Provided entries
↓↓↓

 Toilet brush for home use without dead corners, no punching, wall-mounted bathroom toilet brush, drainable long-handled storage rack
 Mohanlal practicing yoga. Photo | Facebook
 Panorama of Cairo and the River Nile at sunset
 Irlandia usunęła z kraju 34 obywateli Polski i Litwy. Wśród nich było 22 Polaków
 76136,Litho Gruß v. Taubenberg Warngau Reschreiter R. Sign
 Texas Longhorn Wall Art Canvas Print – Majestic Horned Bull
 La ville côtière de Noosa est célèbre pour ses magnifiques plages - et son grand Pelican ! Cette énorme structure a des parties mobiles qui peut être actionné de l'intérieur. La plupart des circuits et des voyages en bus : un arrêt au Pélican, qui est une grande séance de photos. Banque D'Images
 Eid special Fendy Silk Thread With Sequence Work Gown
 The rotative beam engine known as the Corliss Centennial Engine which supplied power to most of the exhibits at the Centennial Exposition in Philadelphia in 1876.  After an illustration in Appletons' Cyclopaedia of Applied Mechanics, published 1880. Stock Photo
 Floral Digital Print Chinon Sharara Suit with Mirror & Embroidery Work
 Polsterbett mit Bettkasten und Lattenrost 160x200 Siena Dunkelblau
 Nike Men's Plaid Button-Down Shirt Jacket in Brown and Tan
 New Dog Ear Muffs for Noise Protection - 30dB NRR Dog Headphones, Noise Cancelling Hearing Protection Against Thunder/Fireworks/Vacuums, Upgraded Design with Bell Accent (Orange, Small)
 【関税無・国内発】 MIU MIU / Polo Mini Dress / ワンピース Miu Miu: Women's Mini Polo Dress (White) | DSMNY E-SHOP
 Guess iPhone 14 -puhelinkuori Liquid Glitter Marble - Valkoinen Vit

↑↑↑

Only the lines from the one containing "New Dog Ear" through the end of the entries above should be written out, exactly and in full.

 New Dog Ear Muffs for Noise Protection - 30dB NRR Dog Headphones, Noise Cancelling Hearing Protection Against Thunder/Fireworks/Vacuums, Upgraded Design with Bell Accent (Orange, Small)
 【関税無・国内発】 MIU MIU / Polo Mini Dress / ワンピース Miu Miu: Women's Mini Polo Dress (White) | DSMNY E-SHOP
 Guess iPhone 14 -puhelinkuori Liquid Glitter Marble - Valkoinen Vit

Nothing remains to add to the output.